L’aspetto più inquietante del discorso di Netanyahu alle Nazioni Unite, in una sala praticamente deserta per l’uscita di scena delle delegazioni di quasi tutto il mondo, non è tanto quel che ha detto, dal momento che ha ribadito le abusate nefandezze retoriche, ma il fatto che le sue parole siano riecheggiate in tutta la Striscia tramite altoparlanti e cellulari.

La trovata degli altoparlanti, piazzati un po’ ovunque dall’IDF, è stata criticata persino dagli stessi militari, con una fonte anonima che, interpellata da Haaretz, l’ha definita “folle“. In effetti, lo scopo non dichiarato era quello di affermare il dominio anche psicologico di Israele sulla Striscia: il comandante in capo del campo di sterminio che impone la sua voce agli impotenti prigionieri.

Ancora più inquietante il fatto che l’IDF abbia preso il controllo dei telefoni cellulari di tutti i cittadini di Gaza perché il messaggio risultasse più capillare e pervasivo.
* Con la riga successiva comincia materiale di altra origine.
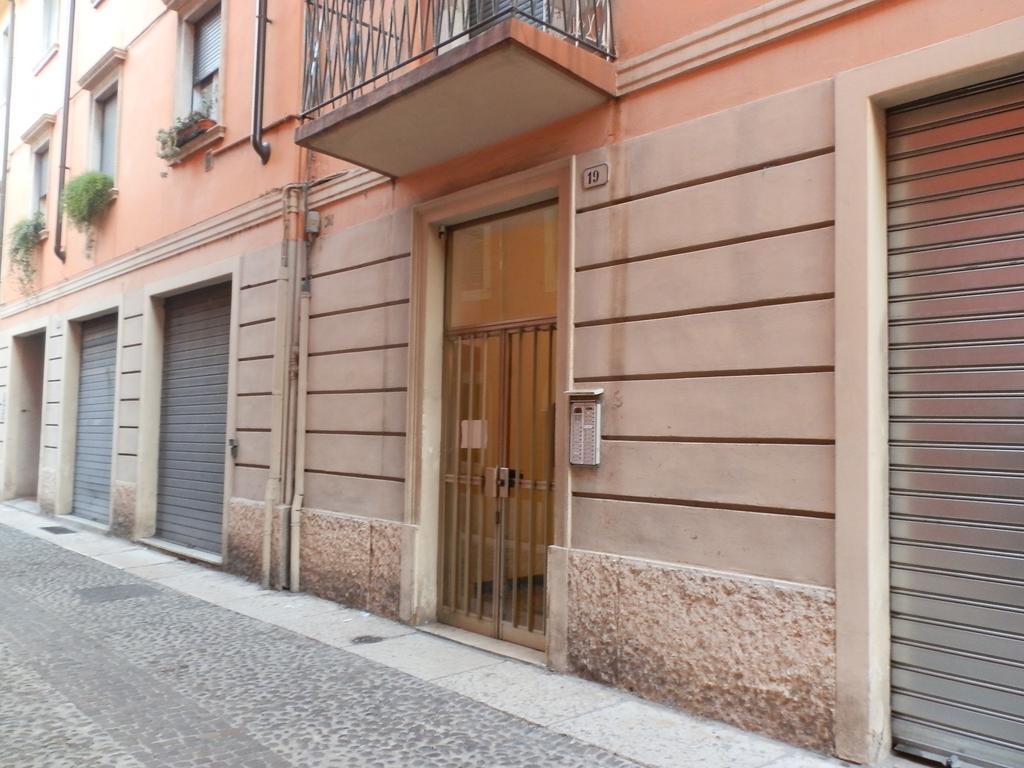 Appartamento Tosca Verona Kültér fotó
Una trovata in salsa circense, certo, ma che voleva essere una dimostrazione di potenza ostentata al mondo intero dall’alto scranno delle Nazioni Unite. E, in effetti, tale è risultata.

Non per nulla, per indicare il futuro del suo Paese, la Grande Israele agognata dal messianesimo ebraico, Netanyahu ha evocato Sparta, anzi una Super-Sparta a motivo della potenza geometrica della sua tecnologia, vieppiù potenziata dai profondi quanto inconfessabili rapporti con le Big Tech americane (vedi al Jazeera: “Come i veterani dell’intelligence israeliana stanno plasmando le grandi aziende tecnologiche statunitensi).

Peraltro, la trovata di prendere il controllo dei cellulari dei palestinesi aveva il precipuo scopo di rievocare la scioccante, quanto sulfurea, operazione dei cercapersone esplosivi condotta contro Hezbollah…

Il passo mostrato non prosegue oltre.